Nice! Seems like the mill is getting better and better.


----------



## Hookedafew (Oct 7, 2019)

didnt have the same luck on the mill this Sunday. But i did score this 5 pound 20 inch beauty. And got broke off by something big. It felt really big


----------



## Hookedafew (Oct 7, 2019)




----------



## Hookedafew (Oct 7, 2019)

Millcreek has been treating me pretty good this month


----------



## trailbreaker (Oct 11, 2008)

Where at might hit there


----------



## Hookedafew (Oct 7, 2019)

trailbreaker said:


> Where at might hit there


The millcreek


----------



## trailbreaker (Oct 11, 2008)

Where can i access it at


----------



## Hookedafew (Oct 7, 2019)

trailbreaker said:


> Where can i access it at


That's a good question. It's a 28 mile long public steam with terrible public access. I personally just look at it on Google earth and try to find places i can get to. The spoti go to Is very sketchy getting to but is worth it to me


----------



## Ol' Whiskers (Aug 11, 2004)

be careful, if you're standing on the bank or in the streambed in a lot of places youare on private property and might be trespassing.


----------



## trailbreaker (Oct 11, 2008)

Thanks Ol' whiskers


----------



## Tree_Beard (Jan 13, 2021)

I haven’t tried the spot yet, but there is a cincinnati recreation area on Seymour ave with hiking trails along the bank. Last time I was there, there was a big homeless camp under the bridge, and some mangy pit bull mutts wandering around. That was last year. Upstream from there is Caldwell park. I was there two years ago and accidentally interrupted a young couple doing...something. The bank is steep on the west side, but flat on the east. Again, I haven’t tried fishing there yet , but there is public stream access in those parks.


----------



## Hookedafew (Oct 7, 2019)

Tree_Beard said:


> I haven’t tried the spot yet, but there is a cincinnati recreation area on Seymour ave with hiking trails along the bank. Last time I was there, there was a big homeless camp under the bridge, and some mangy pit bull mutts wandering around. That was last year. Upstream from there is Caldwell park. I was there two years ago and accidentally interrupted a young couple doing...something. The bank is steep on the west side, but flat on the east. Again, I haven’t tried fishing there yet , but there is public stream access in those parks.
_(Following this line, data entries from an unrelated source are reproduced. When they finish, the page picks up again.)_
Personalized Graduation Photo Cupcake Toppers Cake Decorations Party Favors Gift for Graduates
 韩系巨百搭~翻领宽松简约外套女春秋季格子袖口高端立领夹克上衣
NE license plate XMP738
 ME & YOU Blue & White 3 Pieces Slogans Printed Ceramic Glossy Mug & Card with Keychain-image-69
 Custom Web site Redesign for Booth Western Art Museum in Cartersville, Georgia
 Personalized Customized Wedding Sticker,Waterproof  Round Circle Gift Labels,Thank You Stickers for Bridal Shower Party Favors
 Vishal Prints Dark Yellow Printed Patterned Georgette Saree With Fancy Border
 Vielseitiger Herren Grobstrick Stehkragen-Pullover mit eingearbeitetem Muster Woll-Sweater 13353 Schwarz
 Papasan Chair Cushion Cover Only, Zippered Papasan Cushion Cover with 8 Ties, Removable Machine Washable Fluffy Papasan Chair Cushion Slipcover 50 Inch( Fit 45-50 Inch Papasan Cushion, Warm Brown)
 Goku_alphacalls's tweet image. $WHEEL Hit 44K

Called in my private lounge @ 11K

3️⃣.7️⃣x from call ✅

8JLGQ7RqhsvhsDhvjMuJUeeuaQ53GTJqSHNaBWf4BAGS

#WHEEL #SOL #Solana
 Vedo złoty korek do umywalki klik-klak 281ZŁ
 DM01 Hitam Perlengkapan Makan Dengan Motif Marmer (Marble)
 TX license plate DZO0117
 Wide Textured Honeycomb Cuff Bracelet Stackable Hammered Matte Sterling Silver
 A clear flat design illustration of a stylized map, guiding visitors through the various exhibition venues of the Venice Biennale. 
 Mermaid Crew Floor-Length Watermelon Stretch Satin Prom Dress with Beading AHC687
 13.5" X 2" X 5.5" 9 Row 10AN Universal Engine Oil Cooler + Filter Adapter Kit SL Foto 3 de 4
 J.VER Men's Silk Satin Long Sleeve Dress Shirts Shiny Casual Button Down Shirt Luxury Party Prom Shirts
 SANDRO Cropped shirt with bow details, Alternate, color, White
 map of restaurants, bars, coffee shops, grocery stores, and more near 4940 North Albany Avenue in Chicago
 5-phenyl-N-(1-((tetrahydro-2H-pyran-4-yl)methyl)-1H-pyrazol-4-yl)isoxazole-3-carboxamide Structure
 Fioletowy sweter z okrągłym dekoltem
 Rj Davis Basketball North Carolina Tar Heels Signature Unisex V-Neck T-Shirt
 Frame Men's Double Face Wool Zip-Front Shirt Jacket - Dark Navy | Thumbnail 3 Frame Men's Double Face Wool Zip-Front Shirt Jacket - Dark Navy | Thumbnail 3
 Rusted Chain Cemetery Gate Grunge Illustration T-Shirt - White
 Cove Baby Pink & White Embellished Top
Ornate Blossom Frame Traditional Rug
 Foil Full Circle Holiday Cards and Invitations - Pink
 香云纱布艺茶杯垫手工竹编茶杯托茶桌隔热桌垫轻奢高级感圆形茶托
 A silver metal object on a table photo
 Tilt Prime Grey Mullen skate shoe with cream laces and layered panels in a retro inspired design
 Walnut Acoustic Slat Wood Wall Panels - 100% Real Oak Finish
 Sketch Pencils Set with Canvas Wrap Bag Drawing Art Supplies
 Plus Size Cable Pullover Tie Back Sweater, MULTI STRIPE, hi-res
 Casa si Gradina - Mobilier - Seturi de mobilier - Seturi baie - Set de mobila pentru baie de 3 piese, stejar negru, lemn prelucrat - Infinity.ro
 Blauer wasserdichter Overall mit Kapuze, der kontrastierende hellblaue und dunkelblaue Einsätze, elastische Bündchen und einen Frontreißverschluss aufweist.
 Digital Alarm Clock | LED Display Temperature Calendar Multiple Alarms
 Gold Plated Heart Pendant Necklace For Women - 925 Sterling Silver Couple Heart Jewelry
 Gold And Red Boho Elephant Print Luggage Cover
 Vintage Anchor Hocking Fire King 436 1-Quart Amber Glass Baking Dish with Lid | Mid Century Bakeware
Those two spots are what led me to the spot i fish now.i had a little luck at Caldwell park.


----------



## trailbreaker (Oct 11, 2008)

Hookedafew is that the play ground


----------



## Hookedafew (Oct 7, 2019)

Yes the play ground is on one side of the creek and the Caldwell nature preserve is on the opposite bank. Either side you can walk up to the water


----------



## trailbreaker (Oct 11, 2008)

Ok i'm not far


----------



## Hookedafew (Oct 7, 2019)

Good luck


----------



## trailbreaker (Oct 11, 2008)

Ok since i never fished there what can i catch?


----------



## Hookedafew (Oct 7, 2019)

A lot. Carp. Bass. Catfish. Sunfish. Suckers.


----------



## trailbreaker (Oct 11, 2008)

Nice.. The mill creek runs up by me


----------



## Hookedafew (Oct 7, 2019)

Depending on where your at on it there are a few other species that get sprinkled in there. Down further toward town from me it gets white bass, pike, sauger, and whippers in and around Northside. But up further from me you can score the usual plus crappie. There's a lot of different species of fish in the Millcreek. I think I've heard close up to 50 species of fishin it from top to bottem.


----------



## trailbreaker (Oct 11, 2008)

Wow.. the closest to me is where micro center is


----------



## Tree_Beard (Jan 13, 2021)

Trailbreaker you must not be far from me. I’m fortunate to have a little tributary creek run in my back yard that gets me all the creek chubs I need. 
I’ve been meaning to try the evendale stretch. Every time I’m at menards Im wishing I brought my pole.


----------



## trailbreaker (Oct 11, 2008)

Nice... maybe we can meet up


----------



## garhtr (Jan 12, 2009)

Tree_Beard said:


> evendale stretch


That's a stretch I like to carp fish but there are also cannel cats,bass and a even a few crappie I assume come out of Sharon Woods. 
Good luck and good fishing


----------



## G-Patt (Sep 3, 2013)

A friend of mine used to own a house in the Hartwell/Arlington Heights area about 25 years ago. We'd frequently hit up the Mill Creek and catch/release bullheads under a railroad bridge with nightcrawlers. There was no shortage of them.


----------



## trailbreaker (Oct 11, 2008)

I went to cadwell park nothing


----------



## Hookedafew (Oct 7, 2019)




----------



## Hookedafew (Oct 7, 2019)

I went to my spot not far from there and scored a 2 pound channel cat and a 5 pound carp.


----------



## trailbreaker (Oct 11, 2008)

nice


----------



## Hookedafew (Oct 7, 2019)




----------



## Hookedafew (Oct 7, 2019)




----------



## Hookedafew (Oct 7, 2019)




----------



## Hookedafew (Oct 7, 2019)

View attachment 470502


----------



## Hookedafew (Oct 7, 2019)




----------



## Hookedafew (Oct 7, 2019)

My little hole on the Millcreek just keeps on delivering. I get a nice little mix of everything there. I think the Millcreek is a super overlooked, under appreciated resource. But that's okay.i like all the fish to myself... But seriously, I'm up to 8 species out of one little hole. Green sunfish(a lot), bluegill(occasionally),a quillback carpsucker, a redhorse sucker, carp(a lot)from 3lbs up to 11lbs, a spotted bass, a smallmouth bass, a couple small channel cats, and a handful of really nice flathead. Just my opinion but the Millcreek is definitely worth a look.


----------



## Rooster (Apr 8, 2004)

Tree_Beard said:


> Every time I’m at menards Im wishing I brought my pole.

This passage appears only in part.